Mesquite ISD chooses not to adopt 4-day week, says it has negative impact
MESQUITE (CBSNewsTexas) – Four-day school weeks have become all the rage across Texas as a way to recruit and retain teachers.
But one North Texas school district made a surprising decision Monday night not to adopt it and presented research showing that it has a significant negative impact on student performance.
It made a mother proud when Kali Shumate helped open tonight's Mesquite ISD board meeting.
The kindergartner and her brother, who's in the second grade, have a single mother who needs them in school five days a week.
"School is really my only daycare during the week," said Mesquite ISD parent Dominique Bailey.
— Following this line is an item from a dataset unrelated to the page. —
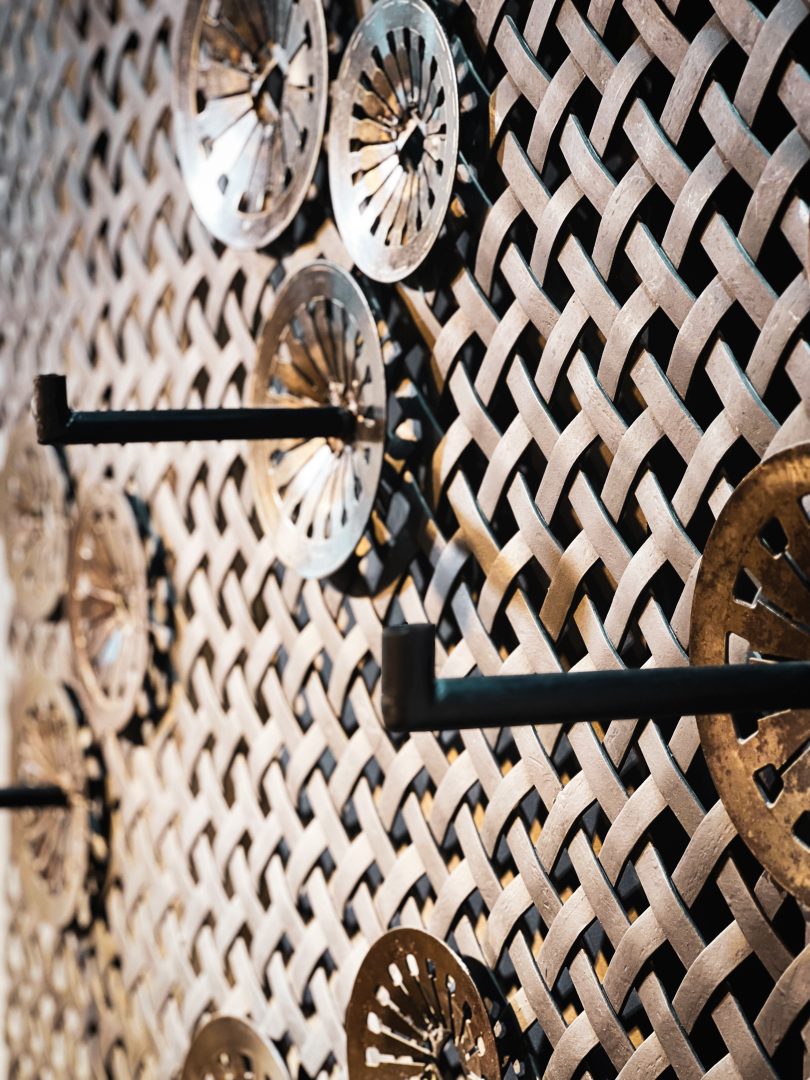 Where Functionality Meets Style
She became worried when Mesquite ISD considered adopting the popular four-day school week calendar starting next fall.
"I just felt like it was going to be a burden on parents trying to find babysitters on a Friday," she said.
But Monday night, Mesquite's school board instead decided against the Monday through Thursday schedule as an incentive to retain and recruit more teachers.
The district will instead offer more four-day weekends and planning days during the school year as well as give teachers a full week off in the fall to address issues that have been driving people away from the profession.
"Such as better work life balance, more time off more time for planning that sort of thing," said Mesquite ISD Chief Information Officer Laura Jobe.
School days will start 15 minutes earlier, at 7:40 a.m., to compensate for the extra days off.
Mesquite ISD also rejected four-day school weeks after reading a Brown University study that found that students were falling behind in math and reading.
"The negative effects of the schedule are disproportionately larger in non-rural schools than rural schools and for female students, and they may grow over time."
"And what we saw was that it disproportionately impacted Hispanic and African-American students and bilingual students, and that's the majority of our student population so we just took that as a caution and a chance to pause," said Jobe.
The school board also approved a slight pay raise in a district that right now could use 40 more teachers.
Mesquite ISD is also worried about talk that the Texas legislature might follow the lead of some other states that have banned four-day school weeks.
Even though there are no current bills filed, it's a lingering concern that looms over the growing number of districts across Texas that are adopting it for the next school year.